Transcribe exactly, and only, the lines from the one containing "Cowboy hat 3D model_0" through the last line of the data.

Records from a dataset:
══════════════════════════════
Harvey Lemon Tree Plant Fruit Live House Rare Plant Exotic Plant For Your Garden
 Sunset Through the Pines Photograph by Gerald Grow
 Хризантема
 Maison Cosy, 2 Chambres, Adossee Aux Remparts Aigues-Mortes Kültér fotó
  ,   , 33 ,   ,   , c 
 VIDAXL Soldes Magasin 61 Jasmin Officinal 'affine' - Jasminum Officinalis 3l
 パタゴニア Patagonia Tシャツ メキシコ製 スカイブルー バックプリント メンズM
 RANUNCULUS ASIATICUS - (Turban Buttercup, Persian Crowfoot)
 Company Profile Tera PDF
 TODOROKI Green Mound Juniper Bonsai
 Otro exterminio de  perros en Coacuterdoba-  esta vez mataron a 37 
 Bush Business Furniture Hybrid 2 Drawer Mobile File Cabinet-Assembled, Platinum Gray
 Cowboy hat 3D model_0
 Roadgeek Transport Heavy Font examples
══════════════════════════════
ANSWER AREA.
 Cowboy hat 3D model_0
 Roadgeek Transport Heavy Font examples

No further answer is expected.